O mais novo exemplar da indústria cultural a engrossar o rol dessas obras é o longa dirigido por Alê McHaddo, disponível no streaming desde novembro. Estrelado por Hassum e Juliana Paes, o longa tem incomodado muitas pessoas com nanismo, incluindo os atores Giovanni Venturini e Juliana Caldas, que publicaram vídeos virais de repúdio à obra.
No filme, Hassum faz o papel do cardiologista Ricardo Leão e teve sua estatura modificada por computação gráfica. Ao se apaixonar pela advogada Ivana, papel de Juliana Paes, bem mais alta do que ele, Ricardo se envolve numa jornada romântica cheia de obstáculos, como o divórcio de Ivana e o preconceito sofrido pelo casal.
"Eu tive vontade de chorar assistindo a esse filme", afirmou Venturini. "Mas não porque ele é emocionante e tocante. Pelo contrário, chorar de desgosto mesmo." Segundo Venturini, "Amor Sem Medida" desrespeita as pessoas com nanismo, gera desinformação e reforça problemas de um cinema ainda pouco diverso.
Assim como ele, Juliana Caldas criticou o longa em vídeo. "Uma das abordagens é comparar o órgão sexual masculino do cara com o tamanho dele. É um absurdo", disse ela depois de enfatizar que não se sentiu representada pela obra.

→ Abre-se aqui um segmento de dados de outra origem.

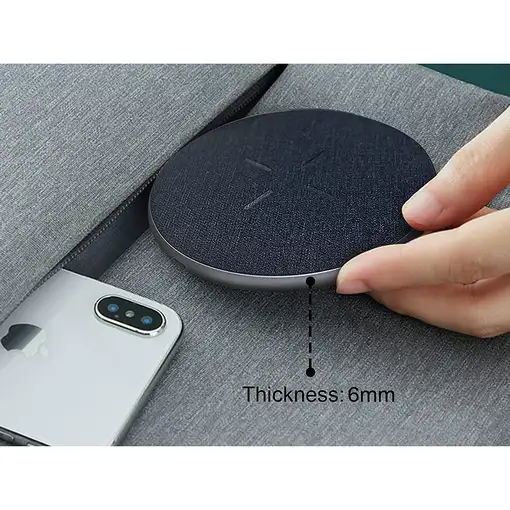 Conceptronic GORGON03G cargador de dispositivo móvil Auriculares, Smartphone Gris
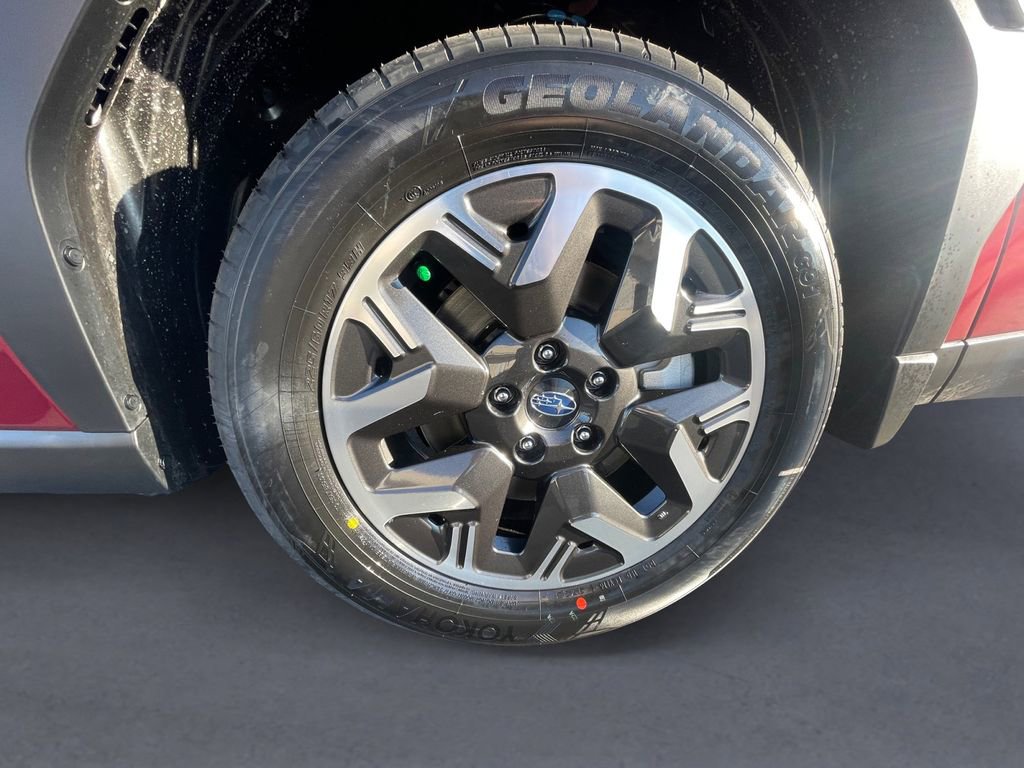 New 2026 Subaru Forester Premium image 9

Em meio às críticas, Hassum se defendeu, em nota, dizendo "sinto muito, de verdade, pois jamais quero através dos meus filmes e [da minha] arte causar dor". "Pelo contrário, meu propósito sempre será divertir e entreter, pois acredito no humor agregador para toda a família. O filme conta uma história de amor, de pertencimento e de inclusão, valorizando as capacidades de seus personagens e repudiando qualquer preconceito, de qualquer espécie."
"Vivemos num mundo ainda distante do ideal, mas que vem caminhando no sentido de não dar espaço a nenhum tipo de preconceito, segregação ou exclusão", acrescenta. "Esta foi a intenção, por meio da leveza e do humor, abordar a importância de vivermos num mundo com mais amor e respeito, onde ser aceito e amado independe de características físicas."
O ator disse também que está "com o coração doído por não ter transmitido isso a Juliana Caldas" e que quer acolher a visão dela com carinho e respeito. O tom conciliatório também foi usado pela Netflix, que em comunicado oficial afirmou reconhecer ainda ter "um longo caminho a percorrer". "Reiteramos nosso compromisso em fazer com que mais pessoas se identifiquem com nossas histórias e se sintam representadas."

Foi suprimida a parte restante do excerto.